También podría hablar de las que lucharon por el voto, las que se animaron a quebrar reglas de protocolo social, las que irrumpieron en las aulas de la universidad o del Parlamento por primera vez. Pero, en realidad, las lecciones que aprendí de memoria fueron las impartidas por mi madre, mis abuelas, tías, primas, hijas.

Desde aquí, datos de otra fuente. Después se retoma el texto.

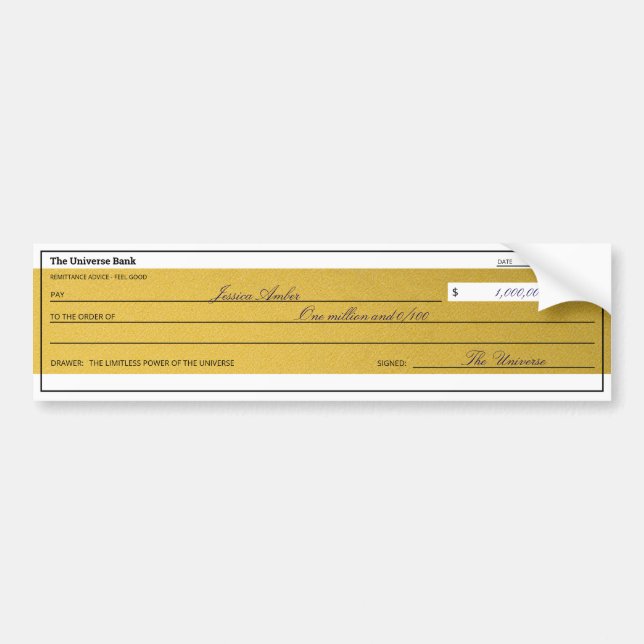 Autocollant De Voiture Law of Attraction Elegant Gold Abundance Check (Devant)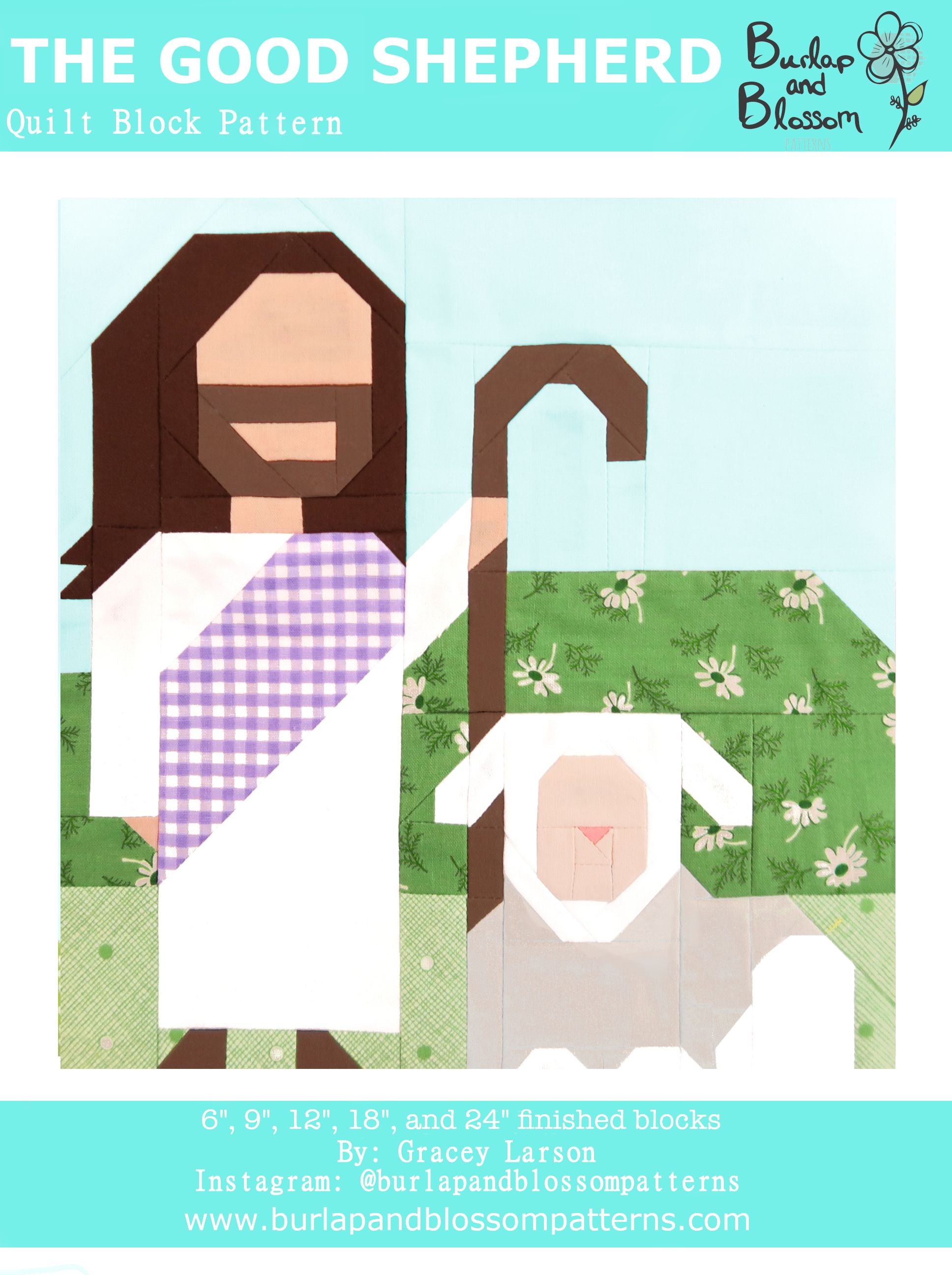 Pattern, The Good Shepherd Quilt Block by Burlap and Blossom (digital download)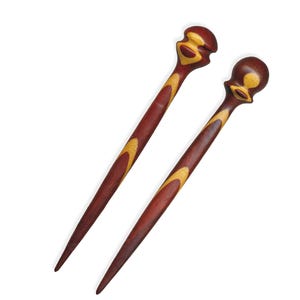 4.25&quot; Wooden Shawl or Hair Sticks Handmade from Paduak and Yellowheart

“No te preocupes por sus notas, conseguirá marido, es linda”, dijo una de ellas. “Nunca más estarás sola”, me dijo mi madre, cuando nació mi primera hija. “A los hombres nunca hay que decirles que no y hay que tenerles pronta la comida apenas llegan”, repetía Lola. “Primero aprendé a hacer algo, oficio o carrera, lo que sea que te permita mantener a tus hijos, porque hay que prepararse por si toca estar sola”, dijo otra de ellas. “Nunca cambies tu libertad por un abrazo, casa o apellido: no valen ese precio”, decía Margarita, despertando la desconfianza de mi padre: “Tu tía es demasiado liberal, tené cuidado con ella”. “Voy a hacer un doctorado en el exterior”, dijo Carmen, sin pedir permiso. “Quiero viajar por el mundo”, anunció Victoria. “Amo demasiado, debo corregir eso”, agregó.
Tiene razón Hobsbawn: somos protagonistas de una revolución. Pese al miedo, ¡qué delicioso vértigo, qué complejidad desafiante la de ser mujer!